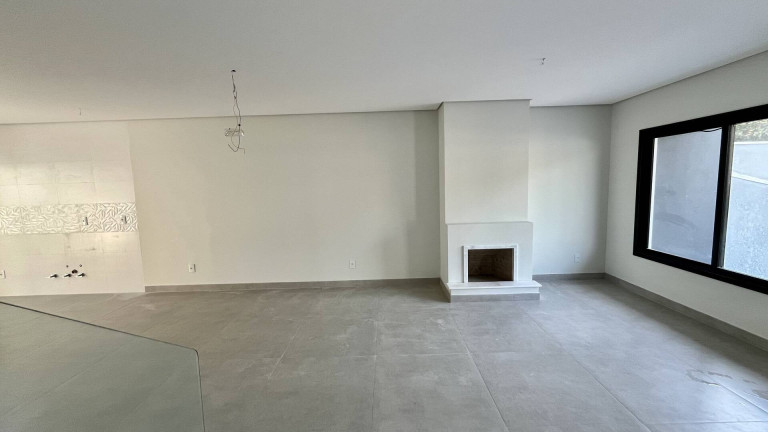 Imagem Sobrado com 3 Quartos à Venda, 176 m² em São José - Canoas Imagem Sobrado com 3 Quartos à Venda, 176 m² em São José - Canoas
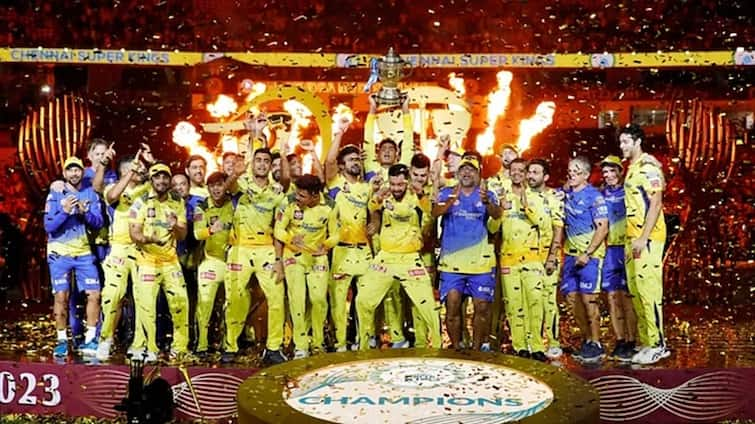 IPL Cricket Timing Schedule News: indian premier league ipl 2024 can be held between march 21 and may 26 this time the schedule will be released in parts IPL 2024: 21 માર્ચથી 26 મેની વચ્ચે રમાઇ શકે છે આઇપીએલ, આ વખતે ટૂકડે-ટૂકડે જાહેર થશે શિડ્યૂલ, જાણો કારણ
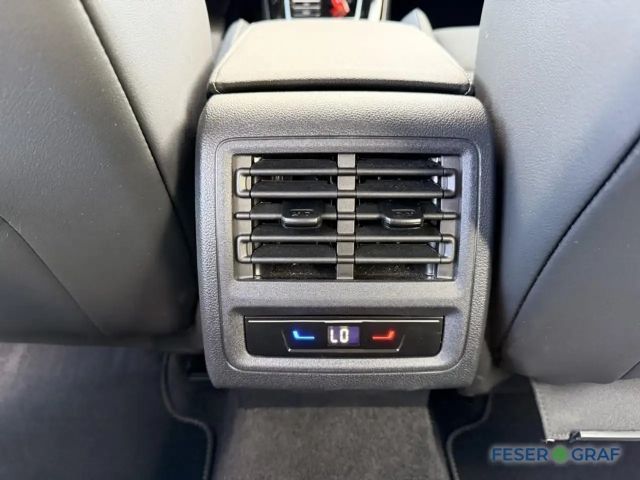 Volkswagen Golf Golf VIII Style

──────

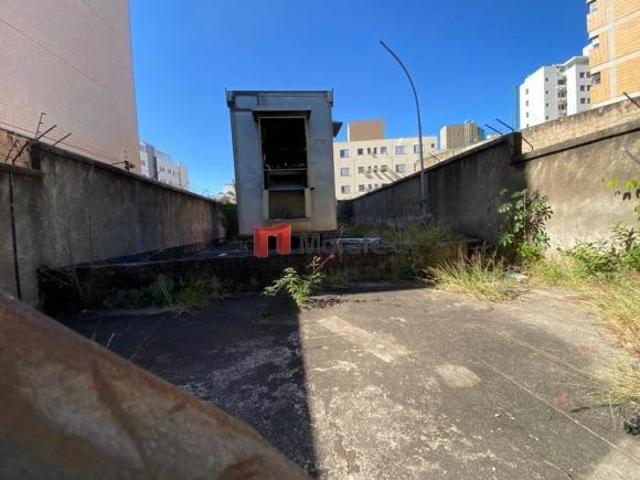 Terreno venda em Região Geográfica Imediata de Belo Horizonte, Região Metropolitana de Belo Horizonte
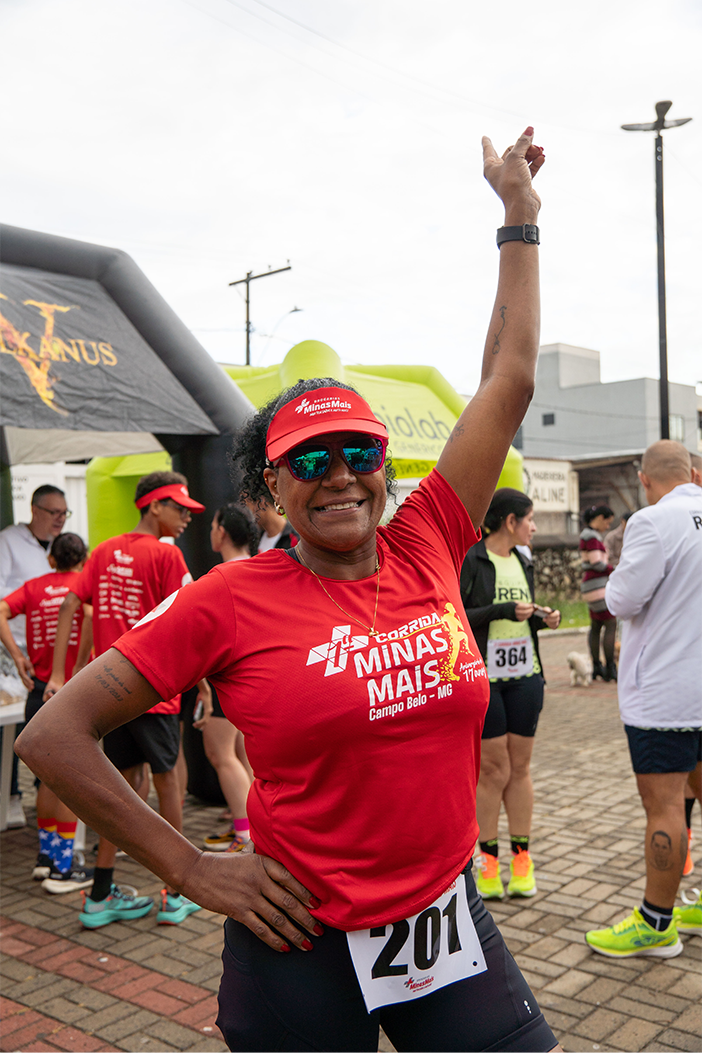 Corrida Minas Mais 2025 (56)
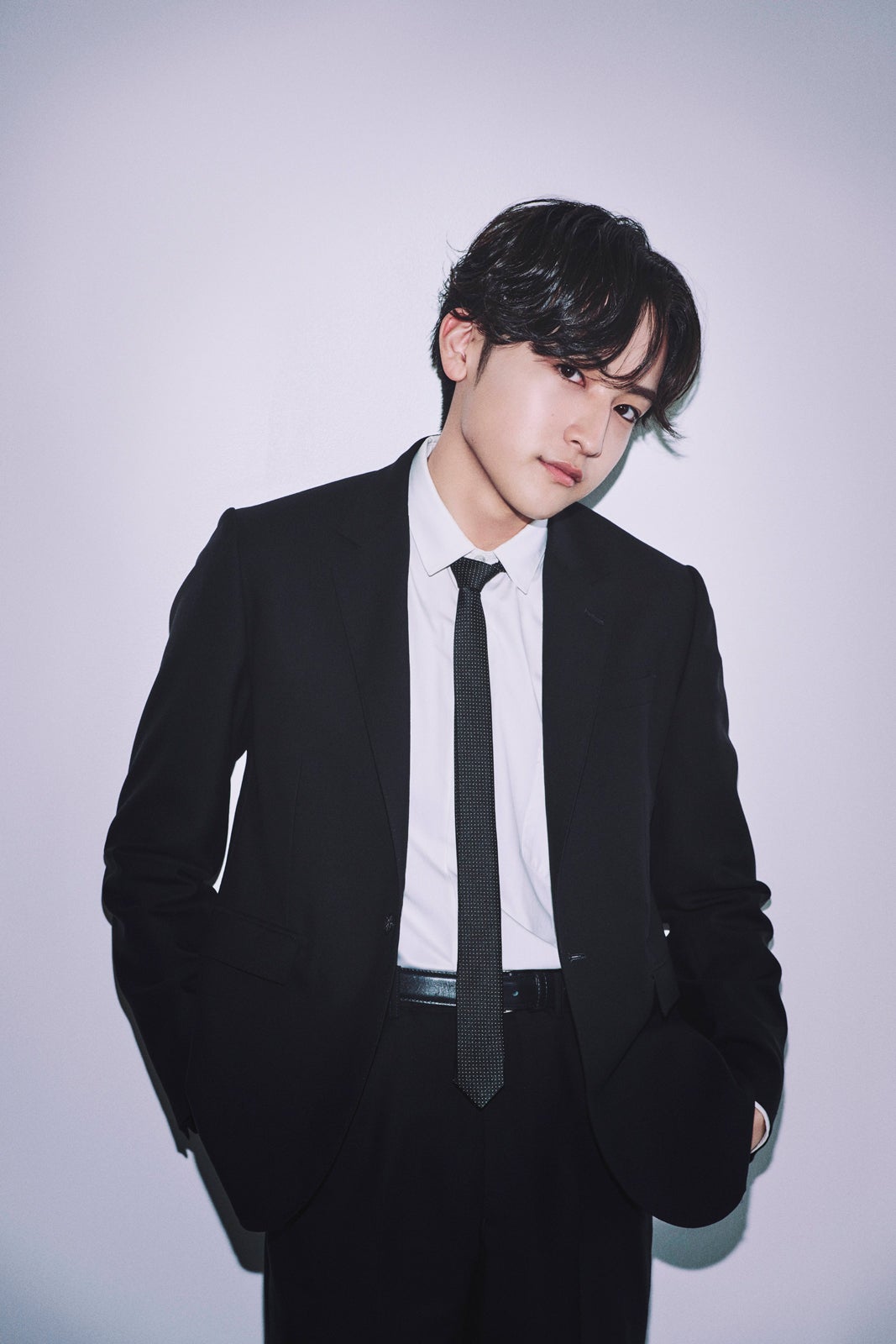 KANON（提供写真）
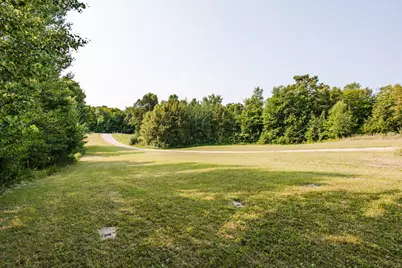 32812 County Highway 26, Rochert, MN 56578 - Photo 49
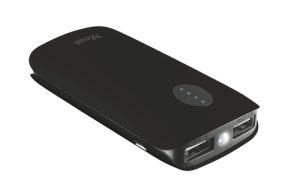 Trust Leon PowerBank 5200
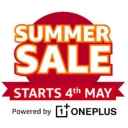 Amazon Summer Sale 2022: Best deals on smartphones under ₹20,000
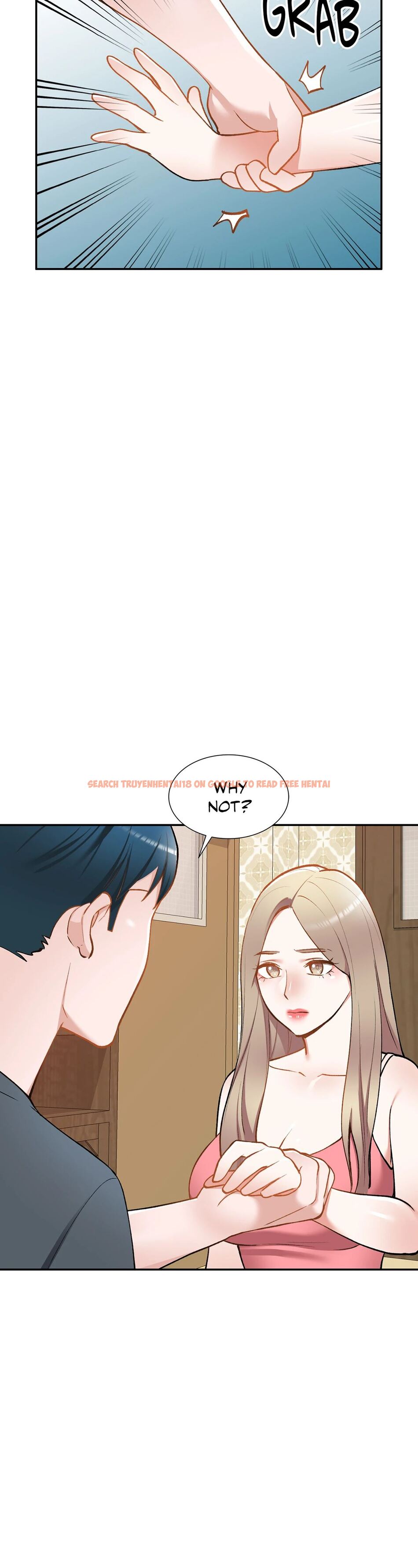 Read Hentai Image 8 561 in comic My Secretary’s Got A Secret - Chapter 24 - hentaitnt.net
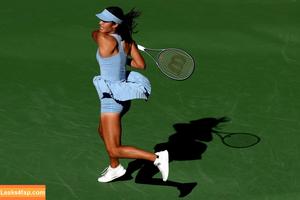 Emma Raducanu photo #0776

──────

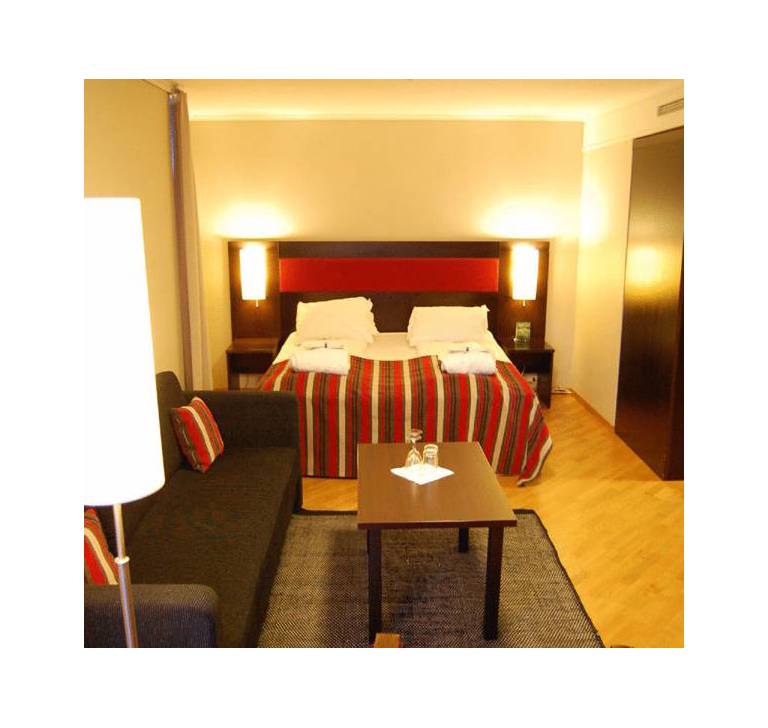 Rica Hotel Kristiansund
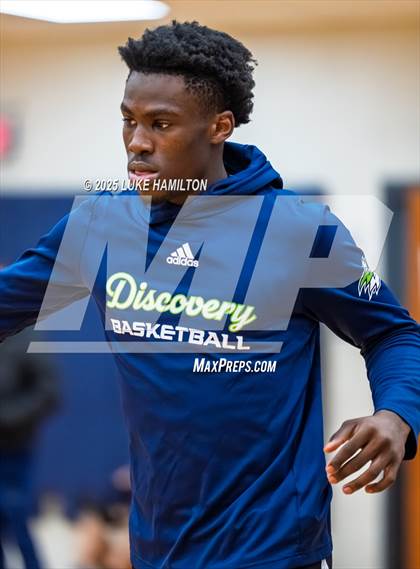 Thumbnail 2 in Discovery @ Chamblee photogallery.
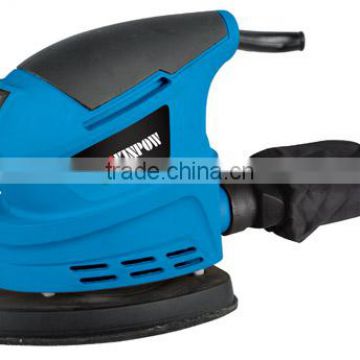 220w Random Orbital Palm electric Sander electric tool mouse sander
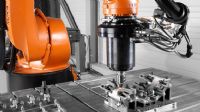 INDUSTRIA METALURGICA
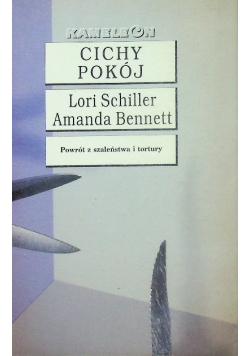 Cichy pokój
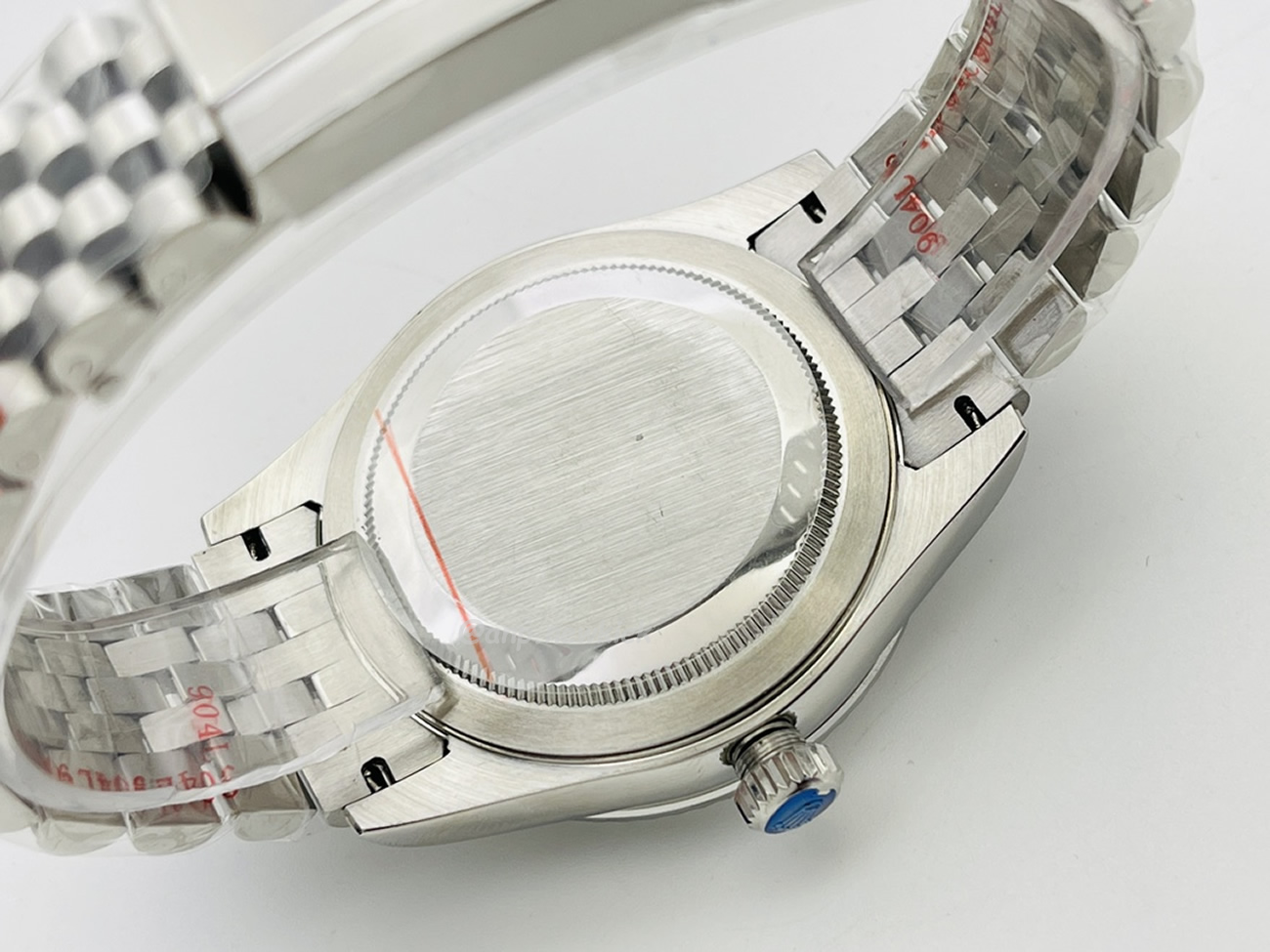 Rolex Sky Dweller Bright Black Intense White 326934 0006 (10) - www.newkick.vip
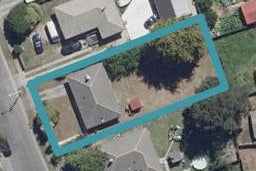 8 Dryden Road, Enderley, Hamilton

──────

— Task details —
In the entries above, every line from the line with "- Canoas Imagem" to the line with "Volkswagen Golf Golf VIII Style" is to be printed exactly, with both ends included and pictures excluded.

— Task answer —
 Imagem Sobrado com 3 Quartos à Venda, 176 m² em São José - Canoas Imagem Sobrado com 3 Quartos à Venda, 176 m² em São José - Canoas
 IPL Cricket Timing Schedule News: indian premier league ipl 2024 can be held between march 21 and may 26 this time the schedule will be released in parts IPL 2024: 21 માર્ચથી 26 મેની વચ્ચે રમાઇ શકે છે આઇપીએલ, આ વખતે ટૂકડે-ટૂકડે જાહેર થશે શિડ્યૂલ, જાણો કારણ
 Volkswagen Golf Golf VIII Style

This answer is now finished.